Es gibt viel Gerede darüber, dass Gold an einem einzigen Tag um 9% gefallen ist. Während diese Schwankung signifikant erscheint, dient sie lediglich als Ablenkung. Es ist nur oberflächlicher Lärm.

Die alarmierende Realität ist viel tiefer.
Gold ist tatsächlich um 99,9% gesunken.

Das mag absurd erscheinen – bis Sie die Perspektive neu überdenken.
Stellen Sie sich Folgendes vor: Was wäre, wenn die Menschheit um 500 n. Chr. mit dem Goldabbau aufhörte? Keine zusätzliche Versorgung. Niemals wieder. Eine völlig eingeschränkte monetäre Grundlage. In einem solchen Szenario würde eine einzelne Unze Gold heute nicht für mehrere tausend Dollar getauscht werden.
Es würde Dutzende von Millionen kosten.
Das wäre nicht aufgrund einer neu gefundenen Faszination für Gold.

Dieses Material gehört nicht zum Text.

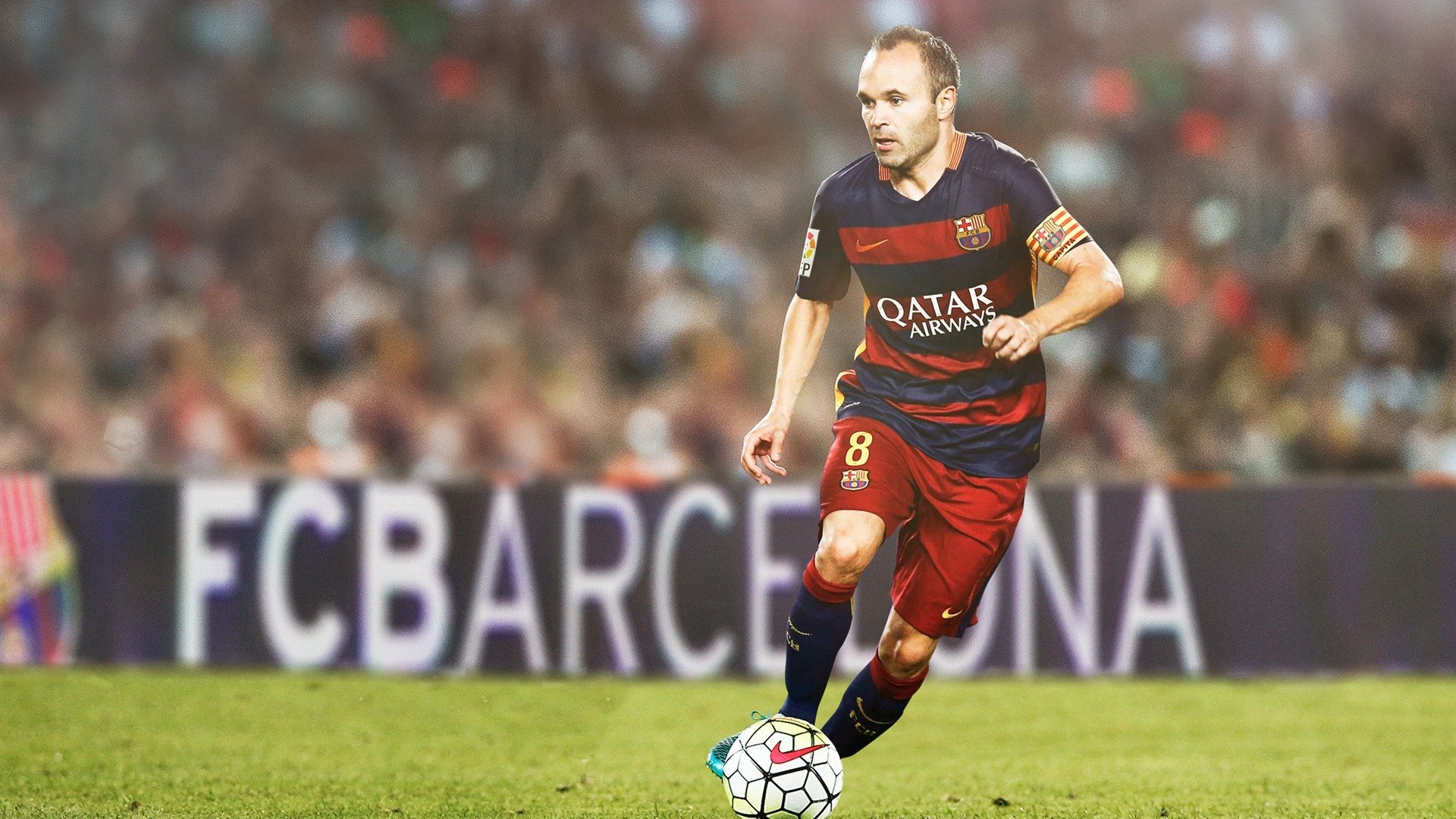 《王者荣耀》跨界联盟赛,冠军队伍引领新格局!,mac×王者荣耀跨界营销分析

Die Nachfrage müsste nicht dramatisch steigen. Die Veränderung würde ausschließlich von einem Element stammen: der Angebotskontrolle.

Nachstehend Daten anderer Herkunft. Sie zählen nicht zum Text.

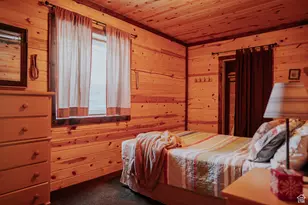 1598 Arapaho Dr, Coalville, UT 84017 - Photo 57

Aber das ist nicht die Realität, in der wir leben.
Gold ist nicht statisch. Es wächst ständig. Jedes Jahr werden mehr Metalle aus der Erde gewonnen. Der jährliche Anstieg scheint trivial, fast harmlos. Doch wenn dieser Zyklus über Jahrhunderte anhält, wird die Auswirkung schwerwiegend.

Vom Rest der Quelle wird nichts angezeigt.